Introduction: The risk of aortic dissection (AoD) is significantly increased (40 per 100,000/y) in women with Turner Syndrome (TS), but the clinical profile and management for those at risk are not well-established. To gain a better understanding, we present the experience of a single centre with multidisciplinary care, including dedicated cardiology, for management of TS in adulthood.
Methods: Retrospective case-review of women developing AoD. Cardiac risk factors, echocardiography and cardiac-MRI (CMR) were recorded. Aortic dilatation was defined as ascending aorta diameter indexed to body-surface-area (AAi) >2.0 cm/m2.

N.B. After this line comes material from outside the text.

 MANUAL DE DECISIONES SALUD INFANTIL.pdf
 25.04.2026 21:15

Results: Three women, all 45,X, suffered fatal AoD, aged 20, 21 and 22-years. All had bicuspid aortic valve, but no evidence of coarctation. All were receiving oestrogen-replacement. Two were hypertensive (one on amlodipine). There was no history of pregnancy. All had AA dilatation:
Patient A. Echo (5-months prior to AoD): AA 4.0 cm / AAi 2.7 cm/m2, sinuses 3.3 cm / 2.2 cm/m2.

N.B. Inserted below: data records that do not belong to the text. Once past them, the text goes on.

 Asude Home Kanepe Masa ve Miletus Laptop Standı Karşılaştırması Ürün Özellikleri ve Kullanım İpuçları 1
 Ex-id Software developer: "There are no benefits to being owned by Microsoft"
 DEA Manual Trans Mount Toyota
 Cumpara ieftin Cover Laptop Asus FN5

Patient B. Echo: AA 3.5 cm (versus 2.5 cm 1-year before). CMR: AA 3.4 cm / AAi 2.1 cm/m2, AA/DescendingA ratio=2.0.
Patient C. CMR: AA 4.7 cm (versus 4.4 cm at CMR 1-year before), AA/DescendingA ratio=2.2.

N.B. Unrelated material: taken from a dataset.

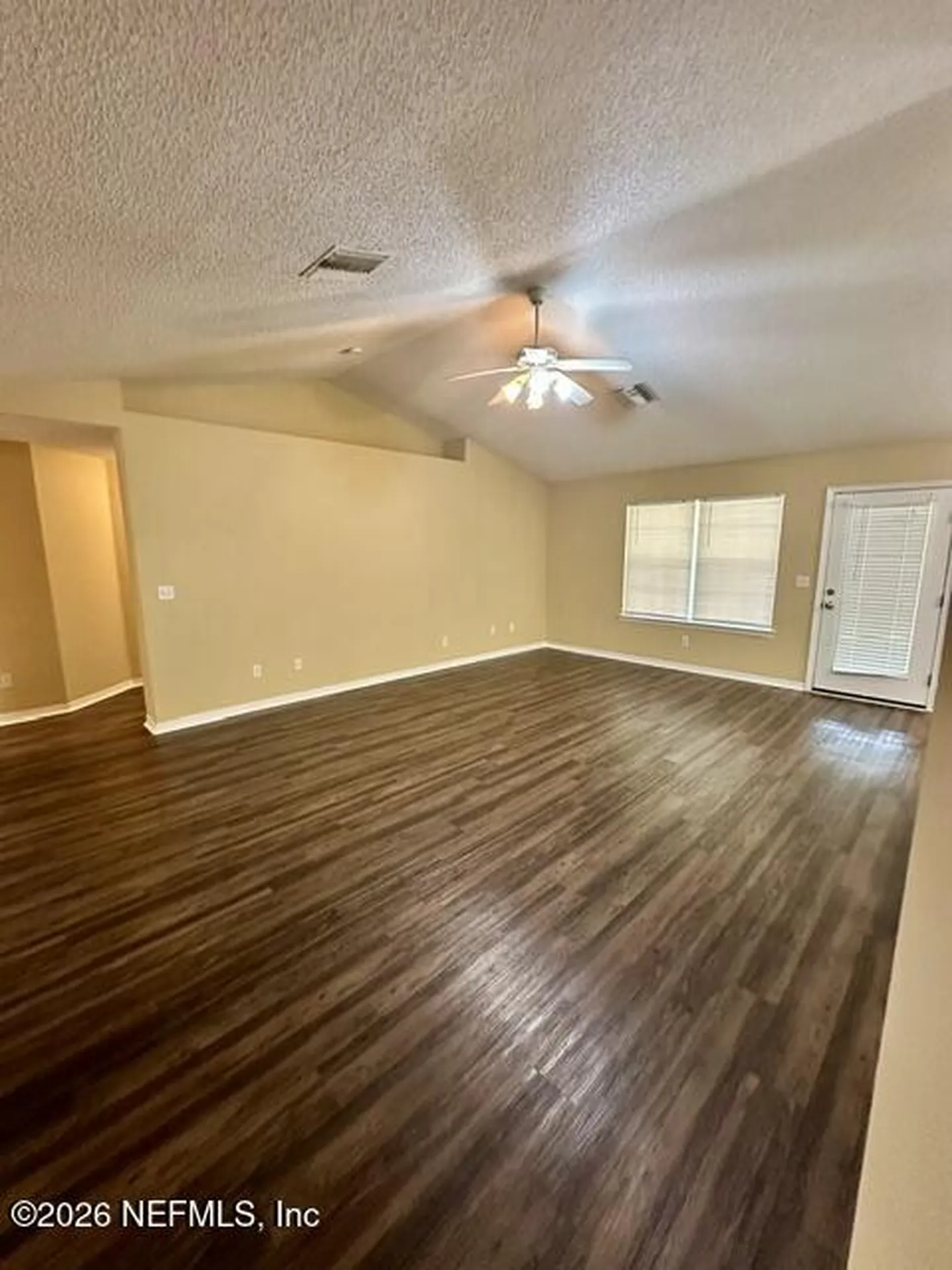 1301 Mcgrits Creek Drive E Jacksonville FL 32221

Conclusions: 1) Mean age of dissection (21-years) was significantly younger than the average age reported in the literature (29-35 years). 2) All were 45,X, had bicuspid aortic valves and dilated AAi, suggesting these are important risk factors. 3) Among the two women with serial scans, excessive AA growth was noted. This is in contrast to a previous report which showed no increased aortic dimensions in 5 women prior to AoD. This emphasizes the importance of screening/follow-up as AoD is a significant cause of premature mortality. Accordingly to the new TS-guidelines, we use baseline-CMR as soon as feasible, and educate all TS women to seek prompt evaluation if symptoms consistent with AoD occur. An AoD-pocket-card is also provided to alert emergency personnel about the higher risk of AoD in TS patients.